Madeline Schreifels, who has been teaching dance since the young age of 16, shares her passion for dance with her students. Moreover, before the pandemic hit, Schreifels was especially looking forward to the changes that were to occur with the dance team.
“Last year there was only one big team, but now there is a varsity and junior varsity team. Last spring, the team would have also been able to have their first dance concert if it had not been for school closure,” Schreifels said.
This concert would have displayed contemporary and jazz as that is what the dance team practices during the spring semester, after dancing hip hop during the fall. Moreover, because they did not get to perform, Schreifels struggled to provide the team with that unique experience.
“There is something very special about being on stage, and being under the lights. I’m getting chills talking about it,” Schreifels said. “It breaks my heart that they didn’t get that last year when they had been working so hard.”
In order to give the dancers that unique experience, Schreifels is planning to record two to three professional dance videos. She has already purchased a 4K camera, box lights, and some blackout curtains to transform the dance studio into a performance stage. The ones that are allowed to come on to campus will be the performers while the rest of the dancers will be the directors, editors and music collaborators.
“When I told them about it they got really excited…I think that is something that is going to reignite their excitement and passion, and give them something they are working towards,” Schreifels said.
She felt it was important to do this “passion project” due to the current circumstances impacting the team drastically. Nevertheless, the dancers have struggled to keep a positive attitude with transitioning to learning dance through a screen. Not being together physically not only negatively affected their stamina or energy when they danced, but also the way they learned.
“Your peripheral vision helps you to learn because you are seeing other people doing the movement with you versus looking at a screen and trying to copy what someone is doing over zoom with the music lagging with your video lagging… It becomes this very complicated thing,” Schreifels said.
Junior Alexis Doyle, who has been dancing for almost two years mentions she also has faced the great obstacle of learning the choreography over Zoom.

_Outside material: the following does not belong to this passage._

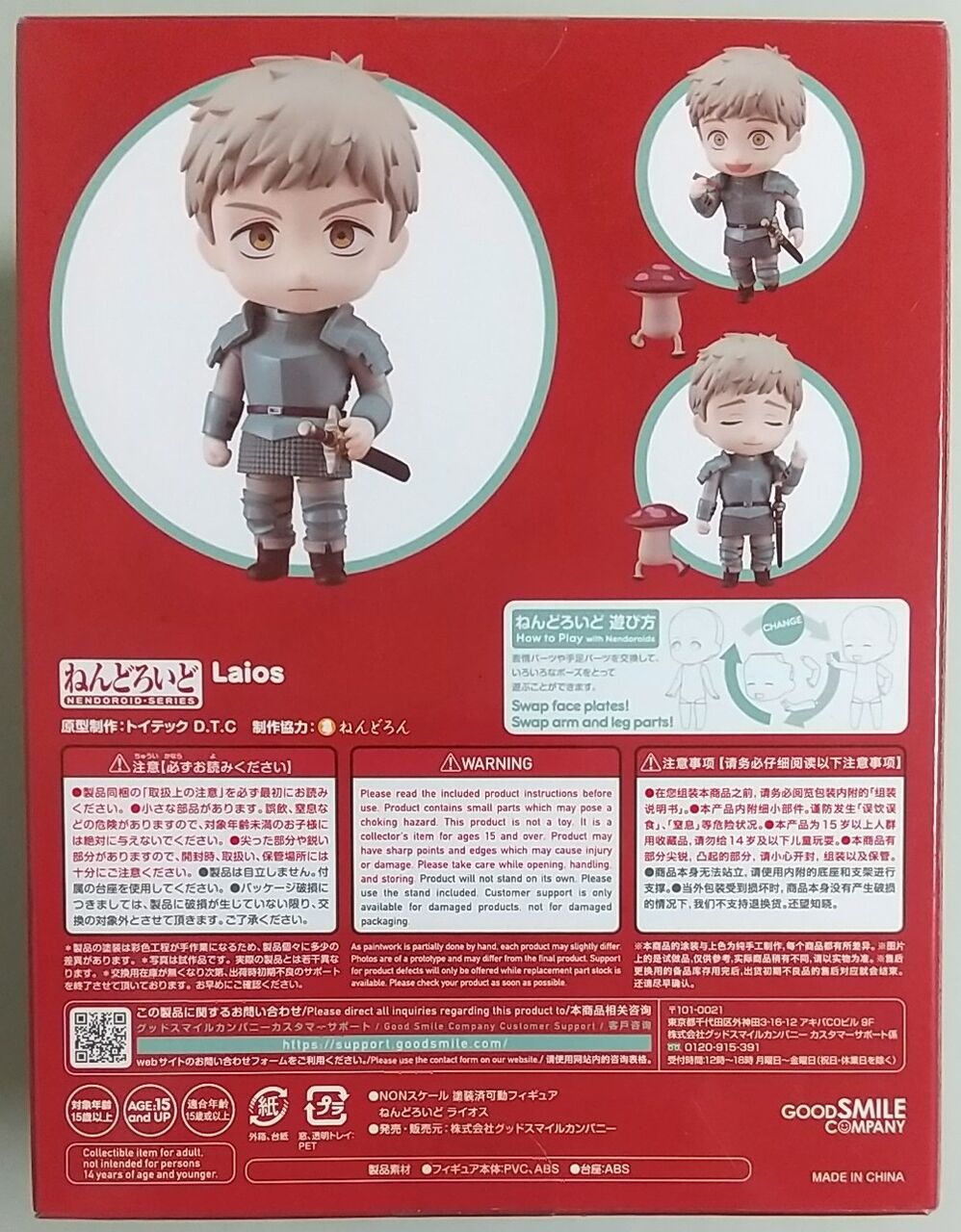 ライオス　ねんどろいど ダンジョン飯 2375 グッドスマイルカンパニー ライオス ねんどろいど ダンジョン飯 2375 グッドスマイルカンパニー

Unfortunately, this was not the only obstacle the team had to face.
Challenges which Schreifels had to overcome included understanding how the camera, when teaching the class virtually, would appear. It appeared opposite on video- also known as the mirror effect. This was a tremendous problem because if the dancers didn’t learn the steps on the right side the team would no longer be synchronized. This meant that Schreifels had to teach and learn the dances on both sides of her body. However, a student’s recommendation led to the team’s new helpful invention.
Schreifels now wears a “weird rainbow glove” on one hand to help her students differentiate in between the right and left hand movements, to better learn the choreography.
Although this pandemic has forced the team to learn differently and at a slower pace, they still appreciate dancing and treasure their team more than ever.
“It’s the one class I have where everyone turns on their cameras because I feel like everyone is comfortable there,” junior Melissa Blass said. “It’s like another support system in your life and it keeps you going … We are very much like a family, we are always laughing.”
Blass has been especially enjoying being a part of the dance team. Like Blass, others on the dance team are grateful that they have the time to dance and to distance themselves from the stress that the majority of students are feeling right now.
“I think it’s important to keep the dance team through distance learning because I know for a fact that a lot of people are struggling right now due to this pandemic…But when I dance, it makes me forget about everything and it’s my passion and I’m sure many of the dancers feel that way too,” Doyle said.